Can we only identify with those who share our appearance? Is our world really that superficial?
For some reason when I was young, without ever seeing a female president or doctor I nonetheless believed I could grow up to become someone who filled one of those two professions. When I changed my mind and decided to become a trial attorney, it never crossed my mind that the fact that I had never seen a female trial attorney would in some way prevent me from becoming one. When I read novels by or about white males, I was somehow still able to identify with the human emotions and challenges experienced by their characters. I could relate to something more than simply a surface and superficial identity.
Indeed, that is what makes truly great literature great: its ability to be timeless and in a sense identity-less so that any reader in any time period will be able to identify and learn from the author’s words. The same is true for plays, music, art forms, and movies. Sure, it’s nice to see someone who looks like you, but isn’t it far nicer to find someone who feels like you? And that someone, because it is deeper inner qualities that are being identified, can come in any size, shape, or color.
Isn’t it better if our heroes hold deep and meaningful qualities to which we can aspire rather than just hold our skin color or our sex? Have we all lost the strength of our own identities, our inner and individual selves, so that the only identity we know is that with which we have a superficial resemblance?

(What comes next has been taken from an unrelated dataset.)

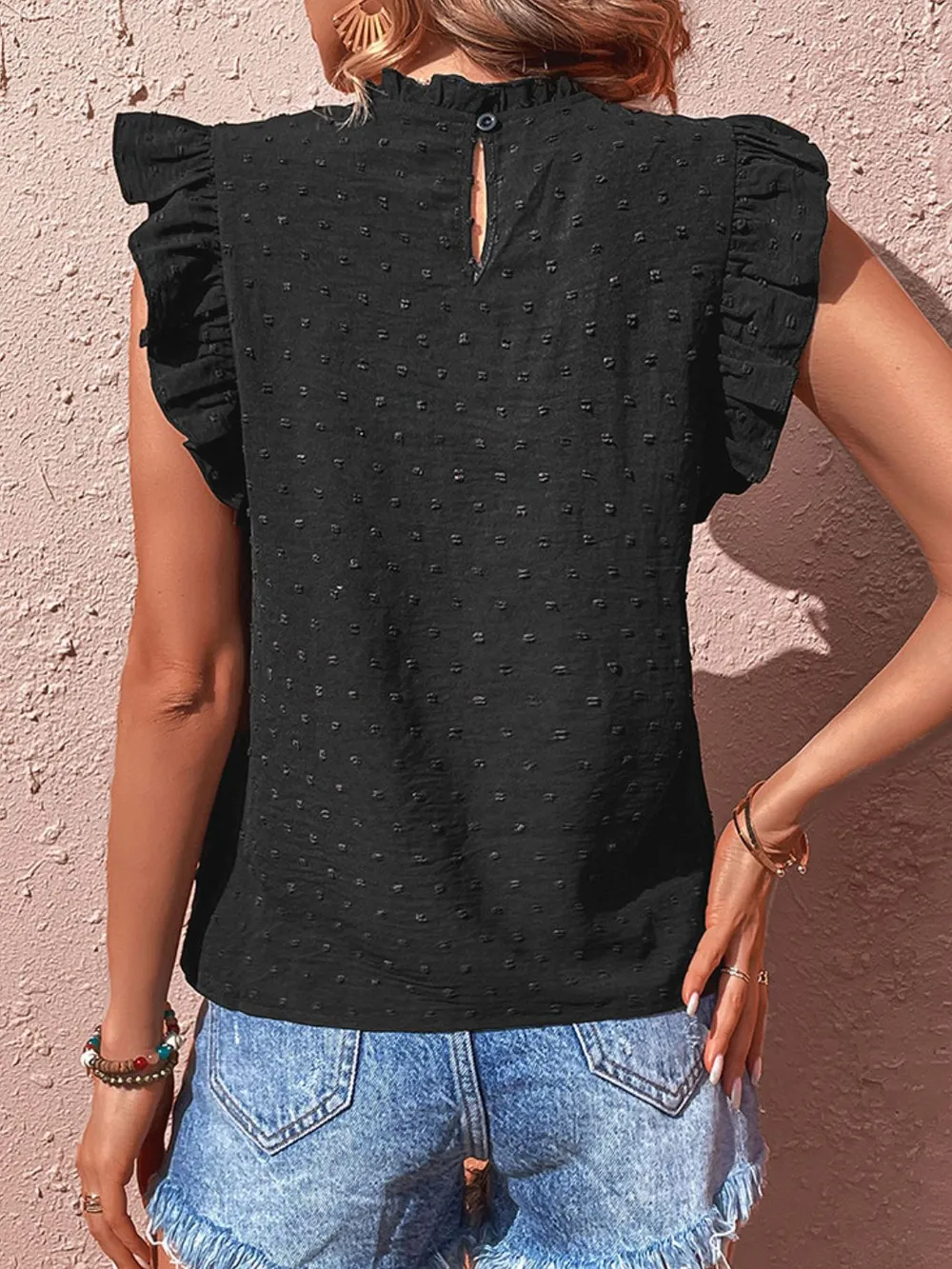 Swiss Dot Butterfly Sleeve Top, image 2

Sadly, when the superficiality of much of today’s culture is mixed with the epidemic of identity politics we seem only able to provide superficial heroes that only further reinforce our focus on appearance. This leaves behind the noble qualities of humanity that we would do better to aspire to. As the Rev. Martin Luther King Jr. once suggested, let us try to focus on the character of one’s soul, not the color of one’s skin. In doing so we will find our truest and most lasting heroes: significant, robust, and truly human role models to which we could all genuinely aspire.